12.3. How old are the children?

1. lesson

New Words       

ǎyweh  အရွယ်  size; age (of children)   

[noun]-ǎcì  [noun]-အကြီး  the older [noun], the larger [noun]   

[noun]-ǎngeh  [noun]-အငယ်  the younger [noun], the smaller [noun]   

[noun]-ǎlaq  [noun]-အလတ်  the middle [noun] (not practised on tape)   

  Sentences     

S1  K’ǎlè beh-ǎyweh shí-bi-lèh?  ကလေး ဘယ်အရွယ် ရှိပြီလဲ။  How old is your child? 

S2  C’auq-hniq shí-bi.  ခြောက်နှစ် ရှိပြီ။  She is six. 

  or, for more than one child     

S1  K’ǎlè-de beh-ǎyweh-de shí-bi-lèh?  ကလေးတွေ ဘယ်အရွယ်တွေ ရှိပြီလဲ။  How old are your children? 

S2  Thà-gá shiq-hniq, thǎmì-gá c’auq-hniq shí-bi.  သားက ရှစ်နှစ်၊ သမီးက ခြောက်နှစ် ရှိပြီ။  My son is eight, and my daughter is six. 

or  Thǎmì-ǎcì-gá s’éh-lè-hniq, thǎmì-ǎngeh-gá s’eh-hniq shí-bi.  သမီးအကြီးက ၁၄-နှစ်။ သမီးအငယ်က ၁၀-နှစ် ရှိပြီ။  My older daughter is 14, and my younger daughter is 10. 

Notes 

Beh-ǎyweh shí-bi-lèh? “What age is he/she?” When asking about children, people more often use beh-ǎyweh “what size” than ǎtheq beh-lauq “how old”. Compare Ă theq beh-lauq shí-bilèh? “How old are you/is s/he?” in 10.6. 
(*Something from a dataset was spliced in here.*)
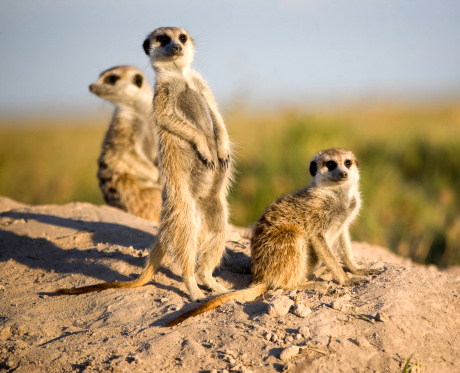 Meerkats del Kalahari photo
Thà-gá shiq-hniq, thǎmì-gá c’auq-hniq shí-bi “My son is 8 and my daughter is 6.” Notice the contrastive suffix -ká/-gá: see the note in 10.5. Adding the suffix produces an effect similar to “my son on the one hand … and my daughter on the other …”, but not so strong.